As LotPings notes in a comment, in Windows PowerShell, $commentedline.Line.Split('id=') causes the String.Split() method to split the input string by any of the individual characters in split string 'id=', because the method overload that Windows PowerShell selects takes a char[] value, i.e. an array of characters, which is not your intent.
You could rectify this as follows, by forcing use of the overload that accepts string[] (even though you're only passing one string), which also requires passing an options argument:
$commentedline.Line.Split([string[] 'id=', 'None') # OK, splits by whole string
Note that in PowerShell Core the logic is reversed, because .NET Core introduced a new overload with just [string] (with an optional options argument), which PowerShell Core selects by default. Conversely, this means that if you do want by-any-character splitting in PowerShell Core, you must cast the split string to [char[]].
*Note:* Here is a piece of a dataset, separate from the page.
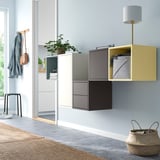 Colorful EKET wall storage with cubes and shelves, lamp, and basket.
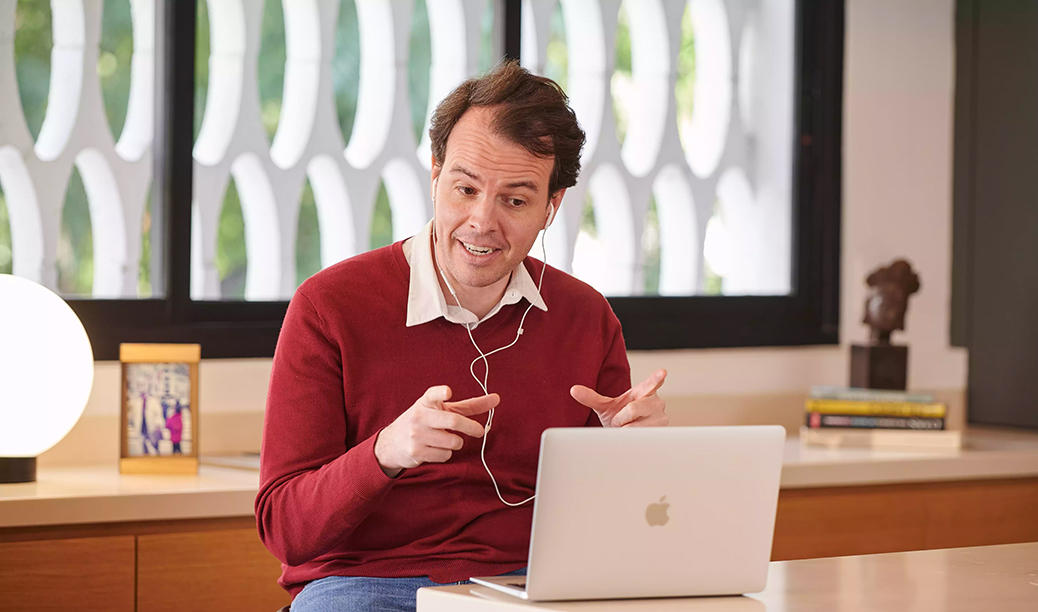 Spanish tutor in a burgundy sweater leading a Fluenz online Spanish immersion session, teaching one-on-one Spanish live online via laptop.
On a general note, PowerShell has the -split operator, which is regex-based and offers much more flexibility than String.Split() - see this answer.
Applied to your case:
$commentedline.Line -split 'id='
While id= is interpreted a regex by -split, that makes no difference here, given that the string contains no regex metacharacters (characters with special meaning); if you do want to safely split by a literal substring, use [regex]::Escape('...') as the RHS.
Note that -split is case-insensitive by default, as PowerShell generally is; however, you can use the -csplit variant for case-sensitive matching.